CONCERNS FOR SOUTH AFRICA AS AN EMERGING ECONOMY STATE RELATING TO STANDARDS OF TREATMENT OF FOREIGN INVESTORS AND INVESTMENTS – DENNIS SIBUYI
International trade and cross-border investments have seen the formation of custom unions such as the European Union (EU) and free trade agreements such as the North American Free Trade Agreement (NAFTA). Probably to match the competitive urge of the EU, the North American countries are attempting to extend NAFTA to most of South American countries by concluding a Free Trade Area of the Americas (FTAA). Similar patterns have been followed in other regions, for example, for the Southern African region there is the Southern African Development Community (SADC) and the Asian region the Association of Southeast Asian Nations (ASEAN) is in place. With the transformation of the centrally-planned economies of Eastern Europe countries, free trade agreement areas are likely to develop among Eastern Europe countries.
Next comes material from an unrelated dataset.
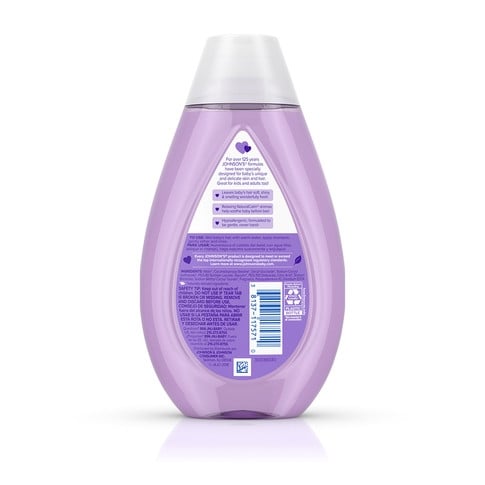 A purple bottle of Johnson's Bedtime Baby Lotion stands upright against a white background. The label includes text: "Clinically Proven, Helps Baby Sleep Better. Contains NaturalCalm essences, No More Tears."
At the forefront of these hemispheric or regional trade and cross-border investments is the question of the standard of treatment of foreign investors and their investments. The parties to a free trade agreement have to adopt a standard of treatment for foreign investors and their investments to be followed and practiced by all parties to a particular free trade agreement. The controversy surrounding the standards of treatment, and the interpretation and application of these standards in practice has been a matter of international concern. The parties to free trade agreements are states with different economic, social and political backgrounds who find themselves obliged to adjust their foreign economic policies, and this may have an effect on the interpretation and application of the agreed standards of treatment by individual countries to a free trade agreement. Different views on the interpretation and application of these standards result in different treatment of foreign investors by different state parties which contrarily defeat the intended purpose of the set standards of treatment.
The problem is that, developed countries normally insist on setting the highest possible standards of treatment of foreign investors and investments. For example, under NAFTA, United States of America and Canada insisted on setting high standards of protection of foreign investors and investments despite Mexico’s protest against the set standards. The standards of treatment of foreign investors and investments set under NAFTA allow nationals and entities of a member state to institute legal actions against the host government. In addition, NAFTA allows the nationals and entities of a member state to bring an action against the host government in an international forum. This will normally put pressure on the host government to comply with the set standards because the nationals and entities of a member state are entitled to claim monetary damages from the host government.
South Africa as an emerging economy state that has recently entered the international community is bound to find itself at the centre of these hemispheric, regional and bilateral free trade agreements negotiations with the developed countries. For example, on 15 April 1994 South Africa signed the World Trade Organization’s General Agreement on Tariffs and Trade, and it is expected of South Africa today as a member of the WTO to open its markets and reduce trade barriers. In addition, South Africa has negotiated with the United States of America and EU governments regarding access to free trade areas.
South Africa cannot be an exception when dealing with foreign investors and investments. Currently, South Africa is faced with the similar problems regarding the drafting of standards for the treatment of foreign investors and investments. For South Africa, negotiation and drafting of the standards of treatment of foreign investors and investments at the international level should be informed by a clear understanding of country’s socio-economic policies and the prevailing political aspirations of the people of the country. It is often difficult to strike a balance between the host country’s socio-economic and political policies with the expectations of the foreign investors who normally guard jealously against their investments.
However, when drafting a standard for the treatment of foreign investors and investments, difficulties may not be entirely eliminated. Due considerations should be given to the impact of, and the practical application of, the set standard. The drafting of the standards for the treatment of foreign investors and investments have proved to be problematic to developing countries. For example, under NAFTA, Mexico complained on numerous occasions regarding its inability to comply with the set standards of treatment of foreign investors and investments. The problems faced with Mexico under NAFTA are reflective of the problems which are of concern to all developing countries intending to conclude free trade agreement with developed countries.
It is necessary for South Africa as a party to a free trade agreement whether at the regional or bilateral level to attempt to address these problems and to ensure that the free trade agreements entered into by itself are consistent with the socio-economic and political policies of the country. Failure to do so may lead to disregard of the agreed standards of treatment as agreed to by South Africa and thereby exposing itself to law suits in international forums by private foreign entities. One may only hope that South Africa’s expertise in negotiating and drafting of the standards of treatment of foreign investors and investments will be cultivated with time as South Africa gets more and more involved with negotiations at an international level.